__Stored data__:
=====

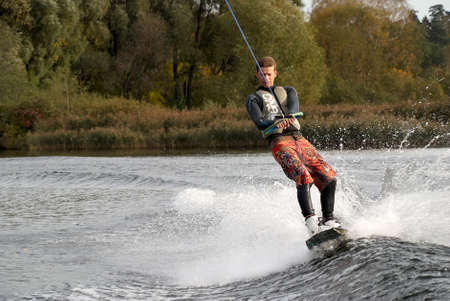Moscow, Russia - September 28, 2008: Wakeboarding rider showing tricks and skills at free ride on the city river. Wakeboarder behind the motorboatのeditorial素材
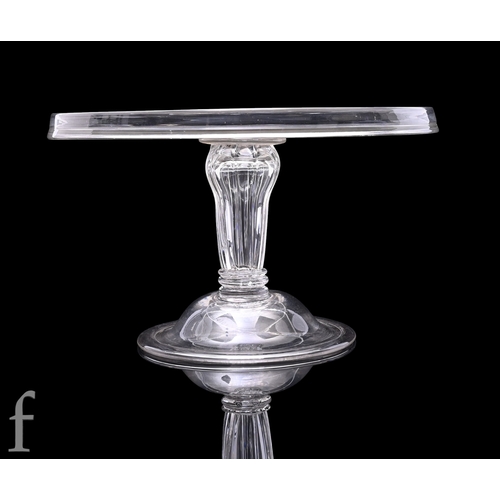 284 - A later 18th Century clear crystal glass tazza, the wide circular top with collar rim, raised on a S... 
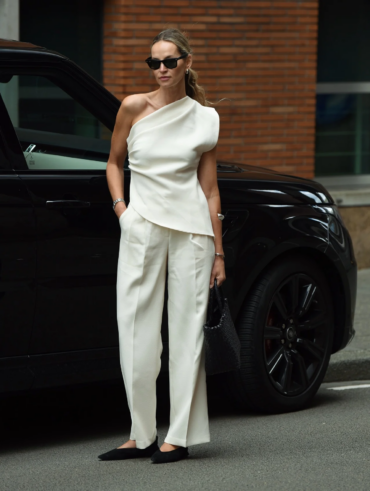 Mulher jovem magra e de pele clara com cabelos longos. Ela usa look moderno com blusa de um ombro só, calça e sapatilha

=====

__Exercise aim__:
Line by line, give the material above again exactly, but without any pictures.

__Response__:
Moscow, Russia - September 28, 2008: Wakeboarding rider showing tricks and skills at free ride on the city river. Wakeboarder behind the motorboatのeditorial素材
 284 - A later 18th Century clear crystal glass tazza, the wide circular top with collar rim, raised on a S... 
 Mulher jovem magra e de pele clara com cabelos longos. Ela usa look moderno com blusa de um ombro só, calça e sapatilha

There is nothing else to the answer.